The technique allows people to quickly distance themselves from negative emotions.
Sadness from Inside Out
The character of Sadness and other emotions come to life from the 2015 Pixar movie "Inside Out" partially inspired the study.(C)Walt Disney Co./Courtesy Evere
/ Source: TODAY

Feeling blue? When sadness strikes, simply imagining it as a person can make the emotion feel less intense, a recent study has found.

The authors were inspired by the movie "Inside Out," Pixar's 2015 animated hit that showed five bickering emotions — Joy, Fear, Anger, Disgust and Sadness — coming to life inside a girl’s head.
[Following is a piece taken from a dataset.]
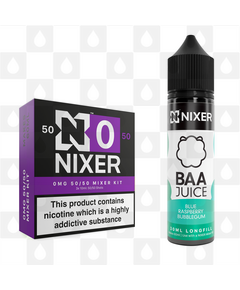 Blue Raspberry Bubblegum by Baa Juice x Nixer E Liquid | 60ml Long Fill, Nicotine Type: Nicotine Free, Strength & Size: 00mg • 60ml • Inc VG/PG Shots (50/50)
Sadness had blue skin, blue hair, a slumped posture and an alarming urge to cry in most any situation.

The study, published in the Journal of Consumer Psychology, began with an experiment that asked 114 participants to think about a time when they felt very sad, such as after the death of a loved one. Researchers then randomly assigned half of them to write down what kind of person their sadness would be like if it came to life — or “who” it was. The other half was asked to write about “what” it was, or how it affected their state of mind.

After the exercise, all of the participants rated how much sadness they felt at that moment on a scale of one to seven. The results showed those who thought about their sorrow as a person reported feeling less intensely sad than the other participants.

The technique allows people to “think of an emotion as a person who is separate from themselves, which makes them feel more detached from the sadness," said study co-author Li Yang, a lecturer at the University of Texas at Austin, in a statement.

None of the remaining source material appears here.